Piste, Lifte, Hütten – „alles existiert vor Ort, man muss es nicht neu erfinden. Wir wollen Bestehendes in einen neuen Kontext stellen“, erklären die „Neuschnee“-Macher. Warum nicht durch eine temporär aufgestellte Lochkamera fahren und die Berge auf den Kopf gestellt betrachten? Oder eine eigene Piste entwerfen? Es beginnt ja schon im Kleinen: Eine Rennstrecke einmal absichtlich im Schneckentempo fahren. Im Schnee herumkugeln, um zu fühlen, wie er sich ein paar Meter weiter oben anders anfühlt als unten. „Die klassische Ästhetik eines Tiefschneehanges ist die des Zopfmusters. Aber man kann auch ein eigene Signatur setzen, wie Graffitikünstler einen 'tag' hinschreiben“, stiften Skone und Werdenigg zum Experiment an.

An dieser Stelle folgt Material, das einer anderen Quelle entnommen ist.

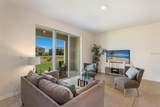 8916 Milestone Drive - Photo 16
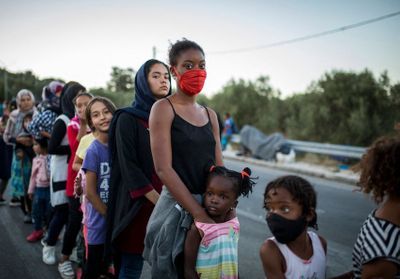 L'édito : « Entre démission et lâcheté, l'Europe faillit à son devoir de solidarité »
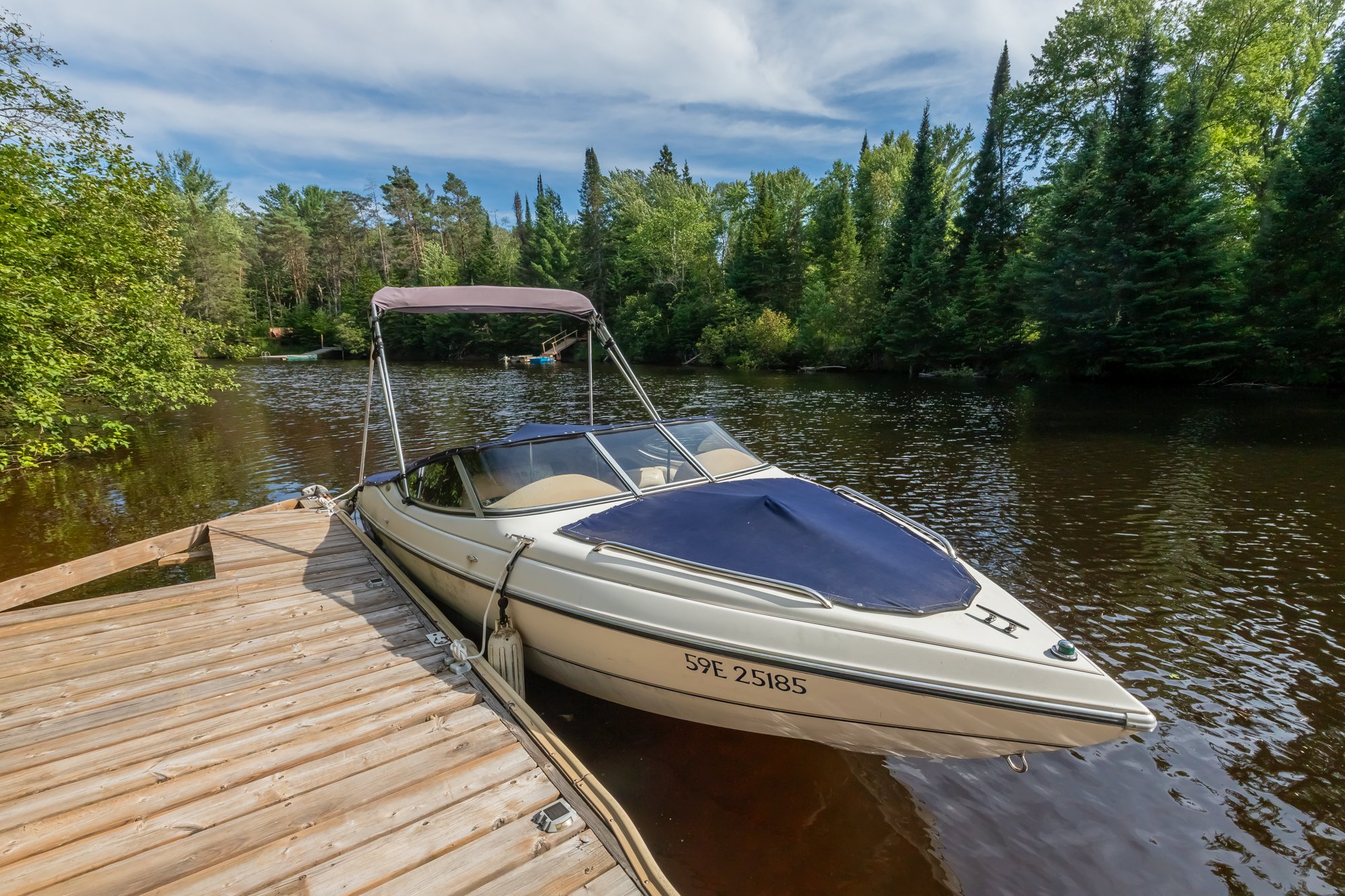 55 Glen Acres Road, Huntsville-142.jpg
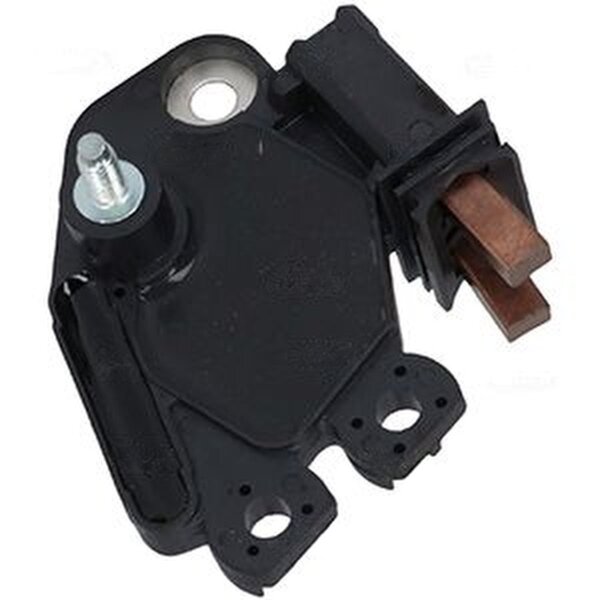 Generatorregler 14 V HC-Cargo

Städtebauliche Aufgabe. Wie stark sich der Alpen- als Lebensraum verändert, wird nirgendwo sichtbarer als in Architektur und Raumplanung. Erfreulich sind bauliche Veränderungen gerade im touristischen Umfeld, überhaupt, wenn sie struktureller Natur sind. Ein gutes Beispiel liefert hier St.Anton, wo mit der Verlegung der Eisenbahn im Vorfeld der Weltmeisterschaft 2001 und des Verkehrs aus der Ortsmitte an den Rand sich plötzlich neue Flächen, neue Möglichkeiten auftaten.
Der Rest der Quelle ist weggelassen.